▶ _RECORDED DATA_:
Content starts

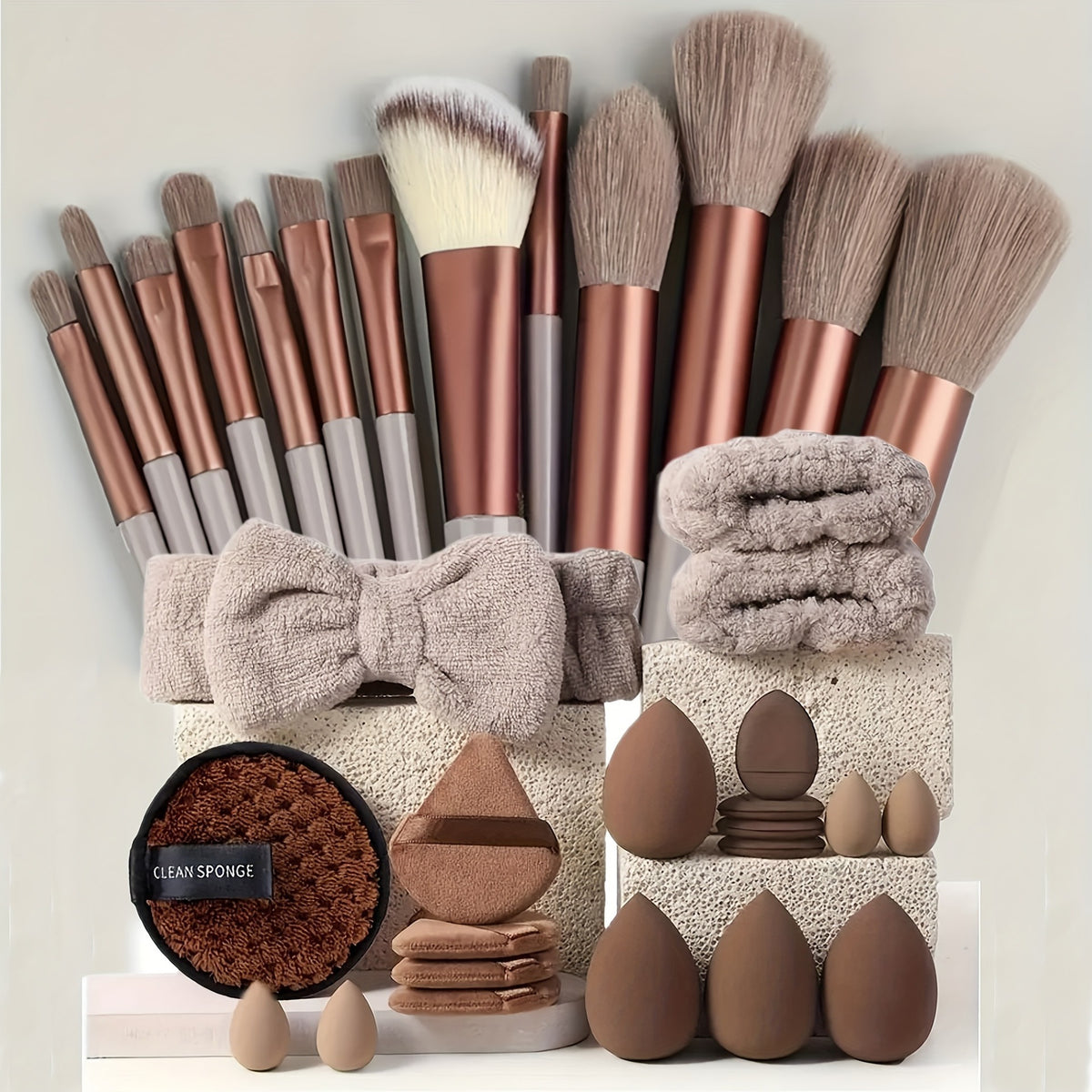 Professional Makeup Brush Set with Bag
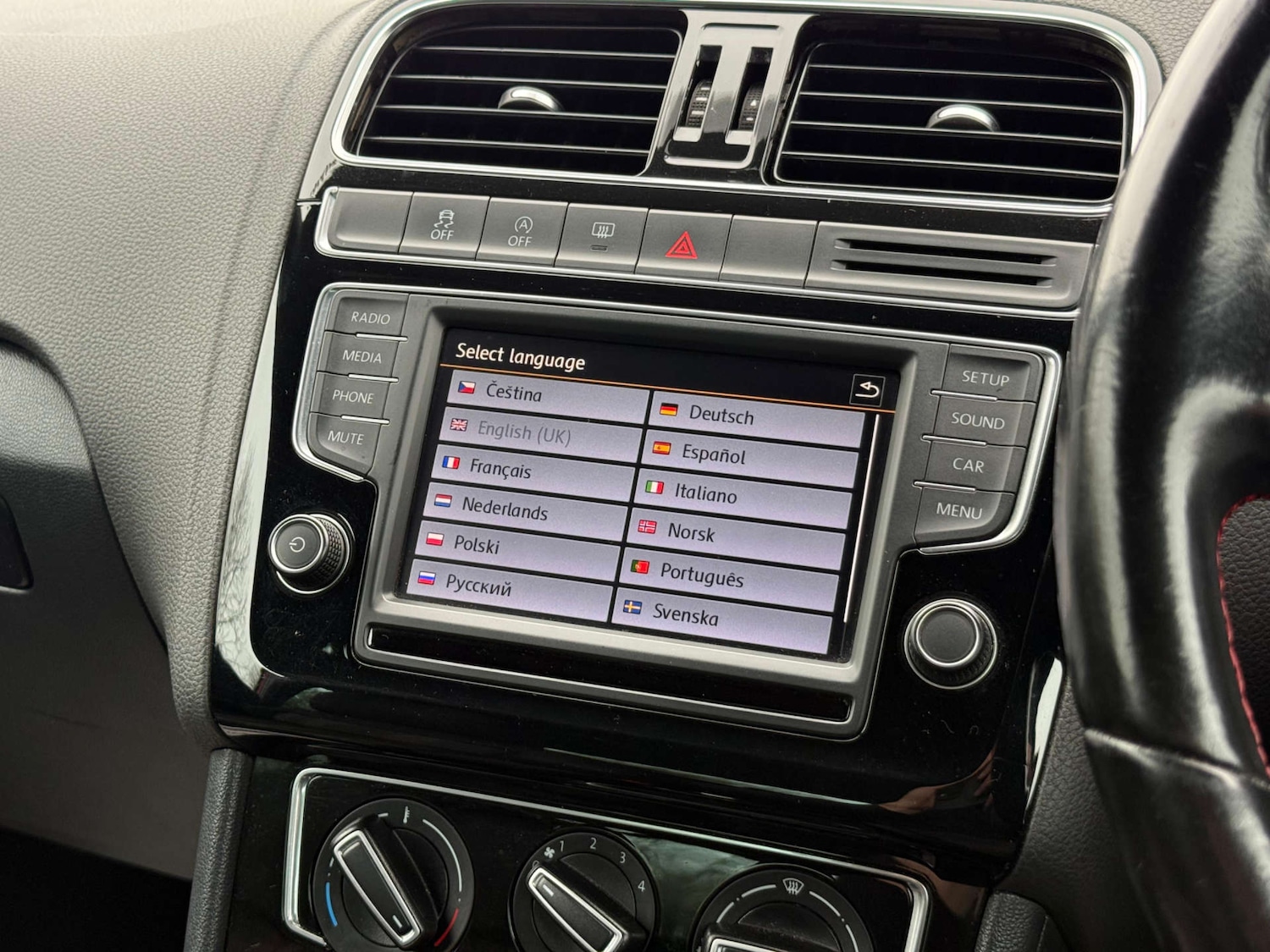 Used Volkswagen Polo 2015 for sale - 77794769: Photo 43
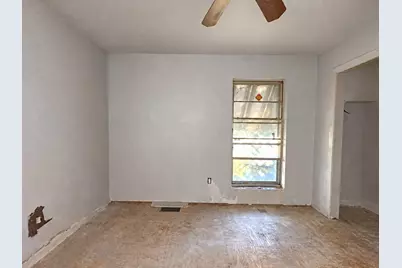 2001 Carverly Drive, Fort Worth, TX 76112 - Photo 9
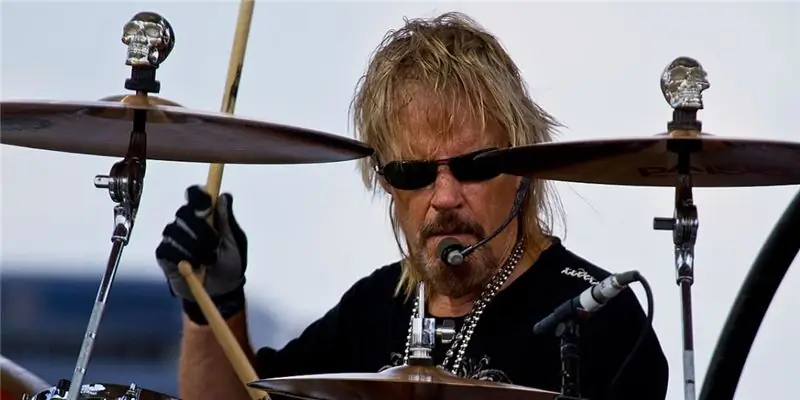 Фрэнк Борода Собственный капитал: Вики, Женат, Семья, Свадьба, Заработная плата, Братья и сестры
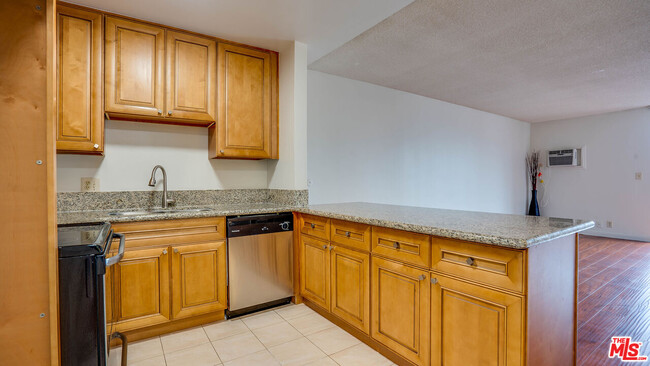 Building Photo - 425 S Kenmore Ave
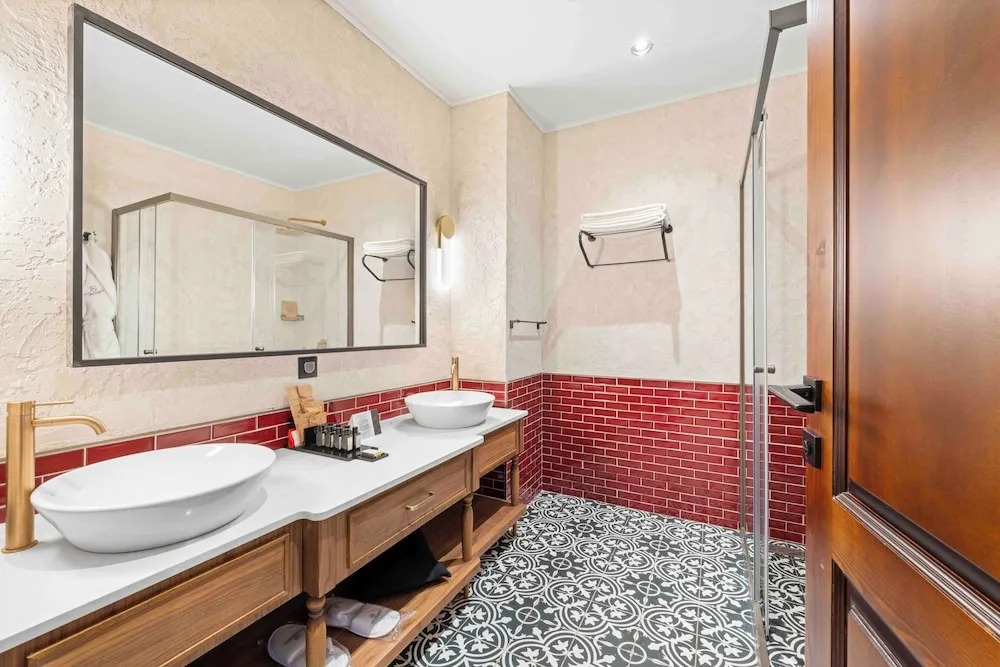 Deluxe Tek Büyük Yataklı Oda, 1 Yatak Odası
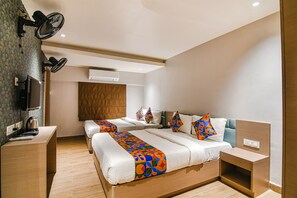 Egyptian cotton sheets, premium bedding, in-room safe - FabHotel Sivalika Inn (Howrah)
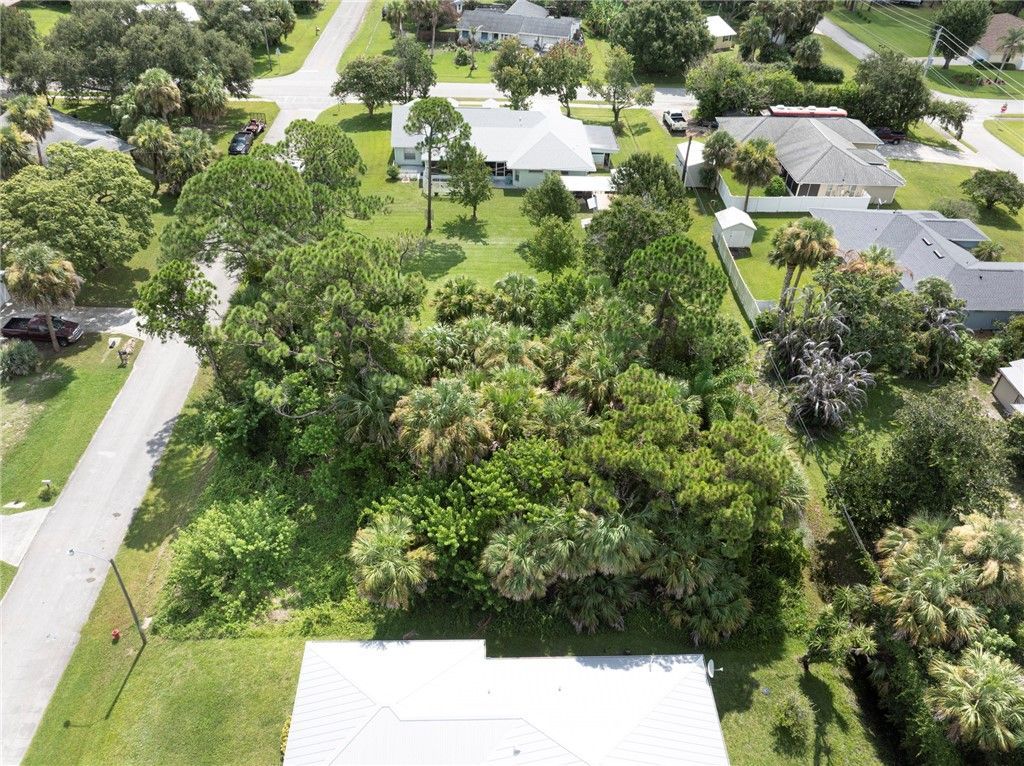 421 Citrus Avenue, Sebastian, FL 32958 Photo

Content ends

▶ _EXERCISE INSTRUCTIONS_: Pictures are to be left out; otherwise, copy exactly each line from the one containing "2001 Carverly Drive, Fort" through the last line of the listing.

▶ _RESPONSE FOR THIS EXERCISE_:
 2001 Carverly Drive, Fort Worth, TX 76112 - Photo 9
 Фрэнк Борода Собственный капитал: Вики, Женат, Семья, Свадьба, Заработная плата, Братья и сестры
 Building Photo - 425 S Kenmore Ave
 Deluxe Tek Büyük Yataklı Oda, 1 Yatak Odası
 Egyptian cotton sheets, premium bedding, in-room safe - FabHotel Sivalika Inn (Howrah)
 421 Citrus Avenue, Sebastian, FL 32958 Photo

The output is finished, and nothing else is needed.